Source records.
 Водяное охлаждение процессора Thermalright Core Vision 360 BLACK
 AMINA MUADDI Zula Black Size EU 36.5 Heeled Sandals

---

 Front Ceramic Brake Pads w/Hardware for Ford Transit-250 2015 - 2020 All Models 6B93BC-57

Exercise prompt. Would you copy, unchanged, the stretch of the records above that begins at the line containing "Водяное охлаждение процессора" and ends at the line containing "AMINA MUADDI Zula", and only that?

Answer section.
 Водяное охлаждение процессора Thermalright Core Vision 360 BLACK
 AMINA MUADDI Zula Black Size EU 36.5 Heeled Sandals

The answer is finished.